7 de outubro de 2007

Renato

Um dia, há mais tempo do que gosto de lembrar, o Renato morreu.
O Renato era um gato especial... com mau feitio para os outros e um mar de amor para mim.

Adormecia na minha cama.
Dentro dos lençóis. Com a cabeça no meu ombro, a pata a abraçar-me o colo e o corpo esticado aninhado no meu quando tinha frio.

Foi o companheiro de muitas horas, de muitos dias. De lágrimas e de risos. Da nova vida no Porto.
Estivémos juntos 13 anos. Viémos juntos de Lisboa.

Miava quando me sentia chegar ao fundo da rua. Ficava na janela á minha espera e recebia-me em cada chegar a casa.

Um dia, o Renato ficou doente. Muito. Por muito tempo. Com dor.
E um dia, depois de uma semana em que parecia ter ficado há minha espera, o Renato não conseguiu levantar-se.

Olhou-me com aquele imenso olhar azul e eu soube que tinha de o deixar partir.
Soube que era por mim que ele ficava mas que já não podia mais.

E na decisão mais dolorosa da minha vida, deixei-o partir.
Soube naquele momento que não tinha o direito de ser egoísta e de o querer mais tempo para mim.

E levei-o onde o podiam ajudar a seguir sem dor.

Disseram-me, no momento em que foi preciso dizer adeus "Ele sabe.
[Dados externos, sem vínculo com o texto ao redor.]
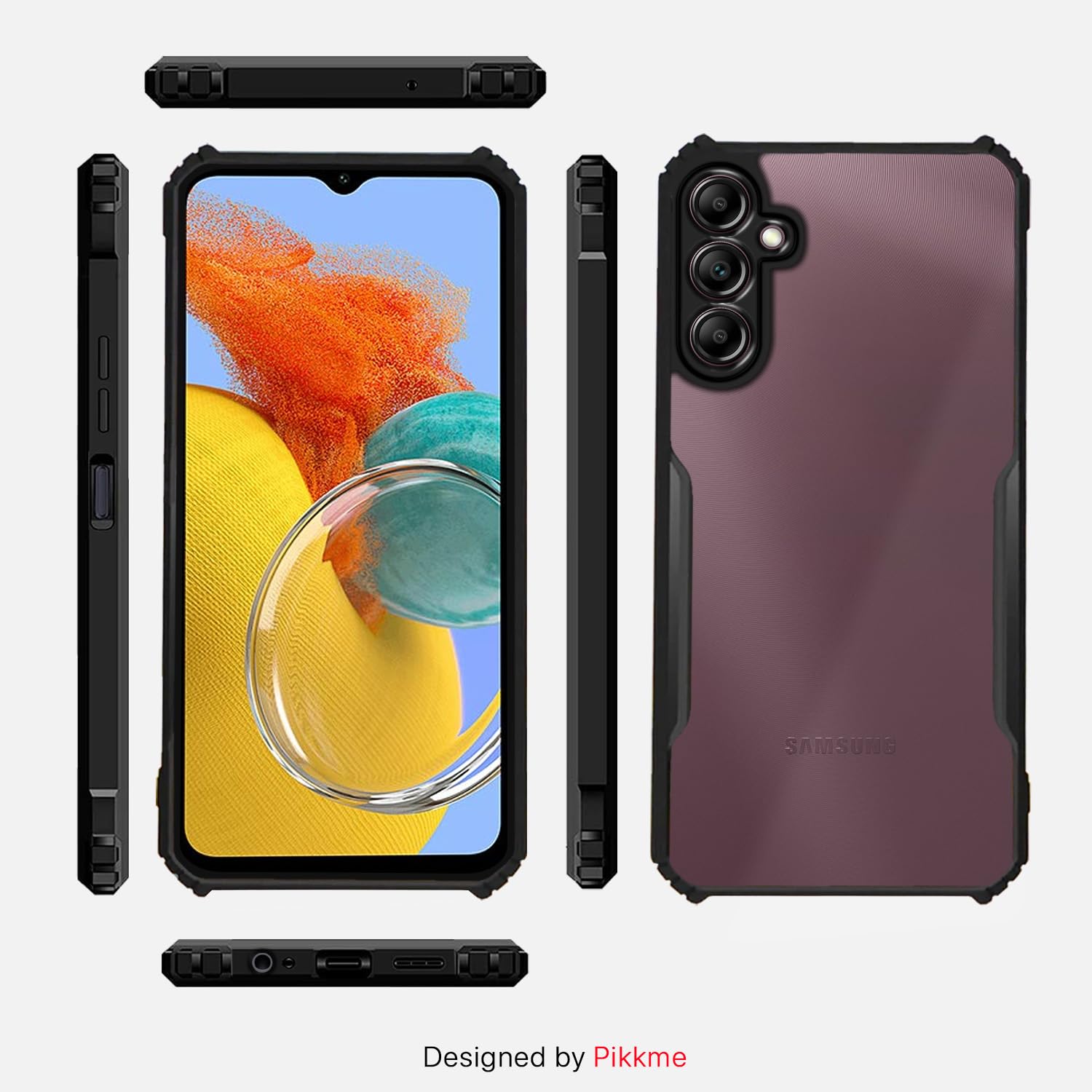 Pikkme Samsung Galaxy M14 5G Eagle Back Cover (Black)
Ele entende que o ama."
E eu vi, naquele imenso e doloroso olhar azul, a ternura e a gratidão de se saber amado.
De o deixar partir.

Hoje, num blog que visito diariamente, deparei-me com um link para este texto:

BLUE BUTTERFLY

Agostinho da Silva disse-me um dia que a solidariedade era uma forma moderna de expressão de egoísmo. Ajudamos o outro pela satisfação que isso nos trás e não necessariamente pelo impacto causado na vida do outro.

Quanto do amor é feito de egoísmo?
Quando do amor é feito do que nos causa conforto?
Balzac, o nosso malamute, morreu ontem depois de meses sem ninguem ter coragem de o mandar abater.
E mesmo na última noite e na última manhã, quando ele gemia e se contorcia com dôr, não havia coragem para fazer o telefonema.
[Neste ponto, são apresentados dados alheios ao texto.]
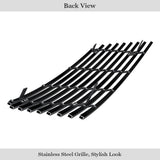 Stainless Steel Main Upper Black Stainless Steel Billet Grille 2006-2012 Suzuki Grand Vitara GR09HEA36J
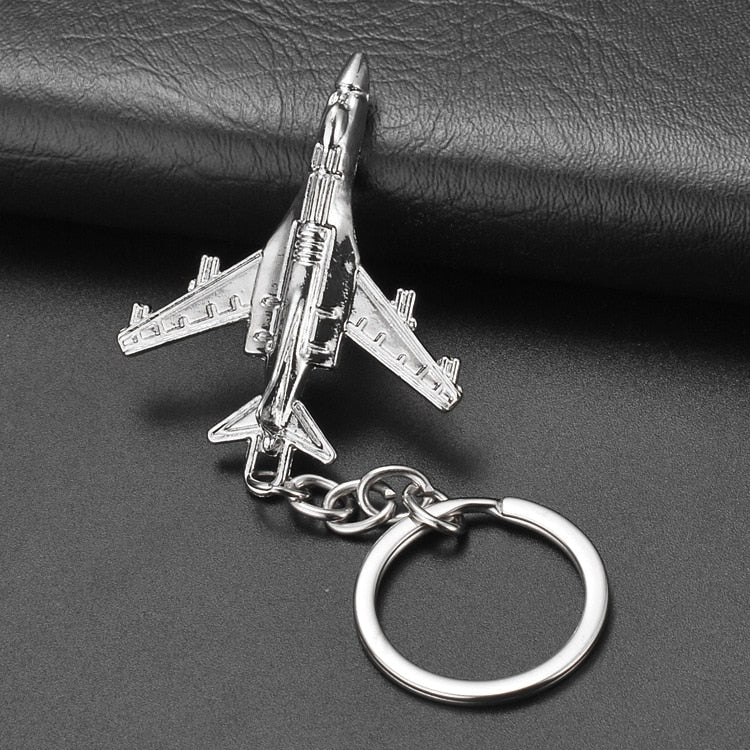 Fighter Aircraft Keychains
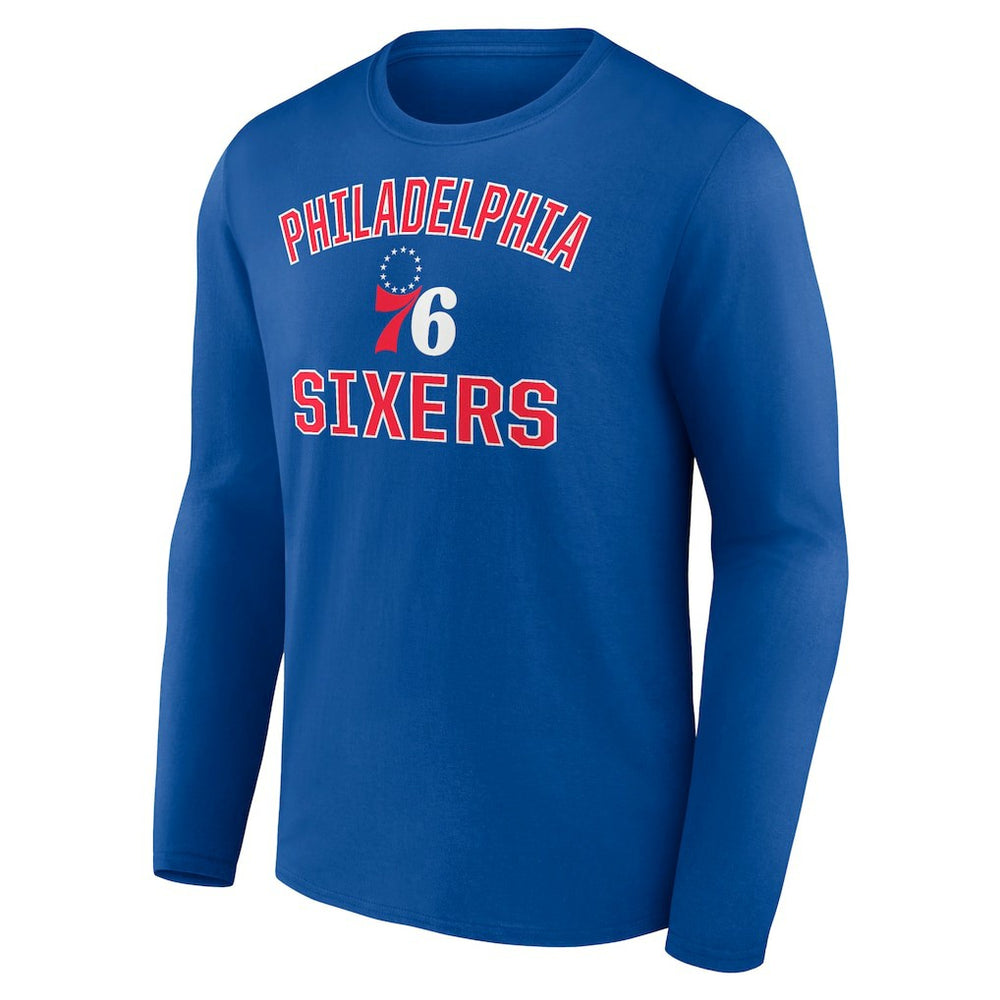 Philadelphia 76ers Victory Arch Team Long Sleeve T-Shirt Royal
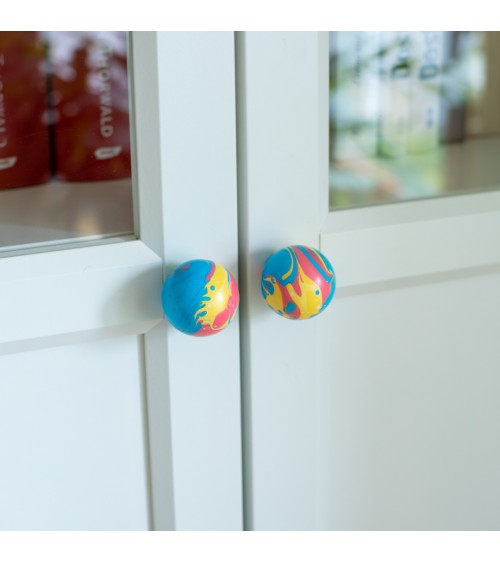 Pomello per mobile in legno di faggio Happy dream design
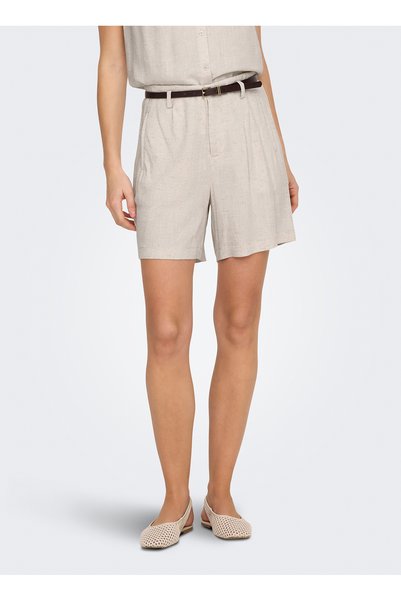 Stone Women's Shorts Onlsiesta Hw Belt Lin Bl Shorts Pnt
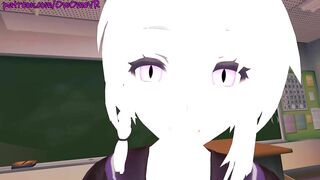 Masturbating in my class room OwO [ VRchat erp, Hentai ] Preview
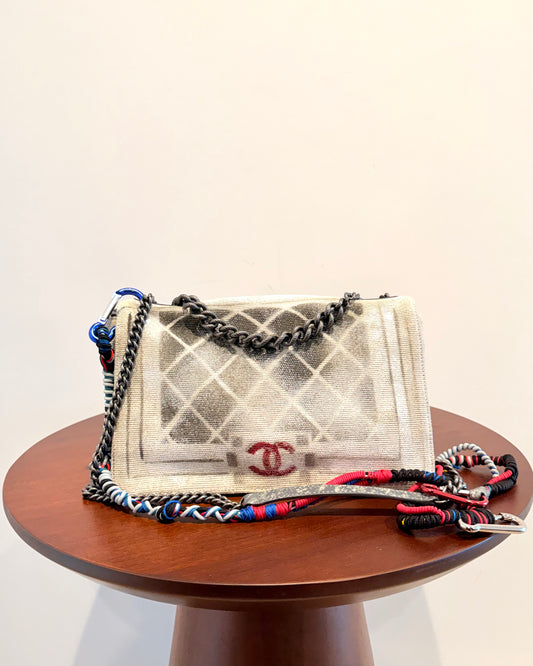Chanel Oh my Boy Graffiti Leboy Bag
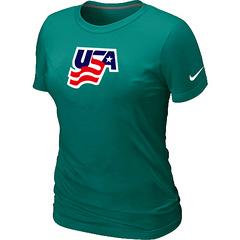 Cheap Women Nike USA Graphic Legend Performance Collection Locker Room T-Shirt green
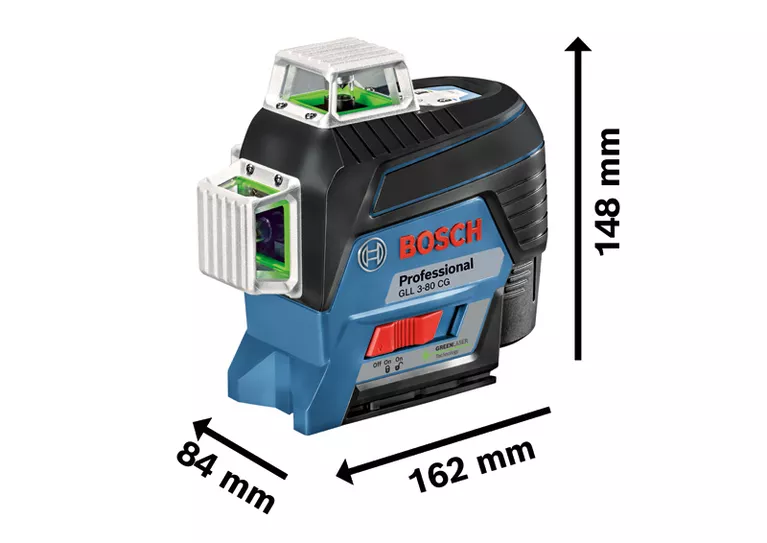 LASERSKI NIVELIR KRIZNI BOSCH GLL 3 80 CG DRZAC BM1 CILJNA PLOCA 2x12V 2.0AH ZASTITNA TORBA L BOXX agropower 652239090 AgroPower Vrtni alati i strojevi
Ajudá-lo a morrer seria poupar-lhe sofrimento. Mantê-lo vivo, era dar-lhe a dignidade de o deixar partir quando a hora dele realmente chegasse.

Mas seria isso mesmo? Ou não teremos inconscientemente considerado que seria maior o nosso sofrimento ao ter que lidar com a morte dele? Ou não quisemos nós inconscientemente poupar-nos à responsabilidade de terminar uma vida e à dôr que vem daí. Ou não quisemos nós pensar que aquilo poderia passar e ele qual lázaro levantar-se dos mortos. Fomos cobardes ou amávamo-lo demasiado?
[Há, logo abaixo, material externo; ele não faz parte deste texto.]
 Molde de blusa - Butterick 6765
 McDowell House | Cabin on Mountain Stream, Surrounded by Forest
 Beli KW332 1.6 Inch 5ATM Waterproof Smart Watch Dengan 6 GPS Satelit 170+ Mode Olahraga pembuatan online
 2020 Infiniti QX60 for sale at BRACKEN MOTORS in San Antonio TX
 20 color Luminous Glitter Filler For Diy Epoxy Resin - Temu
Poupar o sofrimento é um gesto de amor? Manter o que amamos o maior tempo possivel junto de nós é um gesto de amor dirigido ao outro ou a nós próprios?

in "http://blogdalexandra.blogspot.com"

E enquanto lia lembrava o Renato.
A dor da sua partida. A decisão dificil, tomada sózinha, sem ninguém com quem partilhar.

Chorei muitos dias. Muitas horas. Chorei hoje, agora.
Ainda sinto uma pontada de dor quando lembro esse momento.

"Manter o que amamos o maior tempo possivel junto de nós é um gesto de amor dirigido ao outro ou a nós próprios?"

Nesse dia de Outubro, há mais anos do que gosto de lembrar, amá-lo foi deixá-lo partir.
E perceber que o meu egoísmo só o fazia sofrer.

Sinto a falta dele. Muitos dias. Muitas vezes. Na casa em que nunca viveu, sinto-o presente.
Conto as histórias. E sorrio de ternura ao lembrar as tropelias de um gato que não me lembro de ver brincar :)

E a minha doce Ginja, que é tão diferente mas tão igualmente amada, perdoa concerteza as vezes em que sem saber porquê... lhe chamo Renata.

Um dia, há mais tempo do que gosto de lembrar, o Renato morreu.
O Renato era um gato especial... com mau feitio para os outros e um mar de amor para mim.